- [Excerpted records]:
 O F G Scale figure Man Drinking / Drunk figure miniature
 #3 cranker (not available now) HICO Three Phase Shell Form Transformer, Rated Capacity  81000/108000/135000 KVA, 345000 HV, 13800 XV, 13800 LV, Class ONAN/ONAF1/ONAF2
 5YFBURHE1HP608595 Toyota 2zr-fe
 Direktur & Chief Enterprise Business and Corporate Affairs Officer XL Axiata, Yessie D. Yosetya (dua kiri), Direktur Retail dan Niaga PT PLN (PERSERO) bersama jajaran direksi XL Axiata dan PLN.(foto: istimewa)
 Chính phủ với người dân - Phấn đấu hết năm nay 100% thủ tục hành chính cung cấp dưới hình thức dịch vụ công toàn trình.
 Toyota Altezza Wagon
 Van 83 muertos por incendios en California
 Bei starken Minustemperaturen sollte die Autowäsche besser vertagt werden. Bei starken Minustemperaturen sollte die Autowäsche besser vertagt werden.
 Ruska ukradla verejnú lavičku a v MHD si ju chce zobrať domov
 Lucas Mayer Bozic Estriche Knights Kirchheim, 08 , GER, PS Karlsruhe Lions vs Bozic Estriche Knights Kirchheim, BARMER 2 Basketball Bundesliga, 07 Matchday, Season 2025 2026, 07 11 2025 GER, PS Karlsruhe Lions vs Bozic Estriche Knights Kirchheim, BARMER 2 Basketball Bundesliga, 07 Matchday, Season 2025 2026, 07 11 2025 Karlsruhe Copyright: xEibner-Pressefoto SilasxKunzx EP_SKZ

---

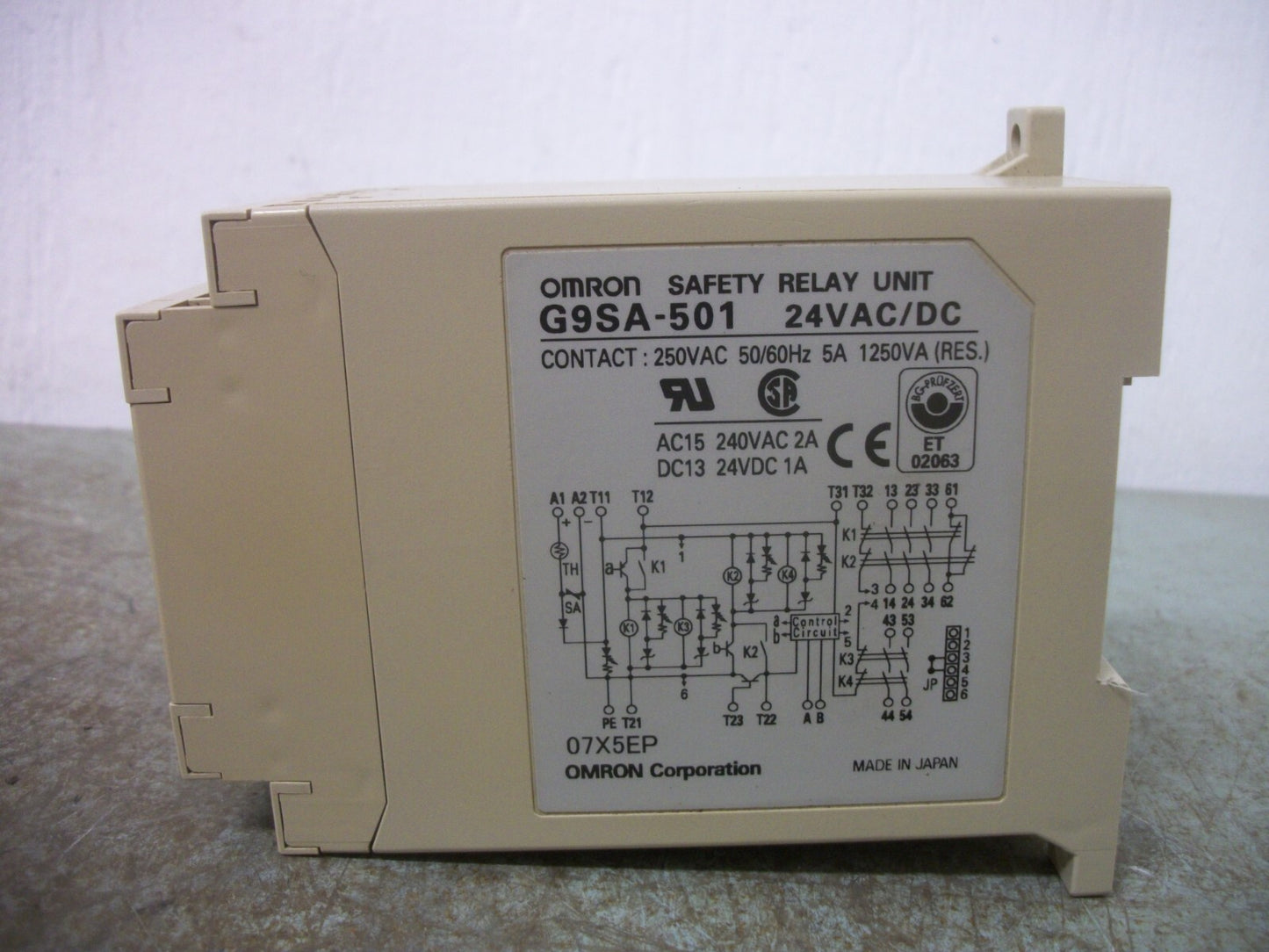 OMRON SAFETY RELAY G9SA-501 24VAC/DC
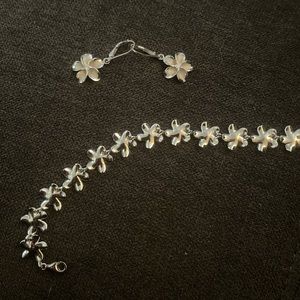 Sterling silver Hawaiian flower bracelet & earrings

- [Problem requirements]: Give back, word for word, only the lines above from the line holding "O F G Scale" to the line holding "Direktur & Chief", both included.

- [Written solution]:
 O F G Scale figure Man Drinking / Drunk figure miniature
 #3 cranker (not available now) HICO Three Phase Shell Form Transformer, Rated Capacity  81000/108000/135000 KVA, 345000 HV, 13800 XV, 13800 LV, Class ONAN/ONAF1/ONAF2
 5YFBURHE1HP608595 Toyota 2zr-fe
 Direktur & Chief Enterprise Business and Corporate Affairs Officer XL Axiata, Yessie D. Yosetya (dua kiri), Direktur Retail dan Niaga PT PLN (PERSERO) bersama jajaran direksi XL Axiata dan PLN.(foto: istimewa)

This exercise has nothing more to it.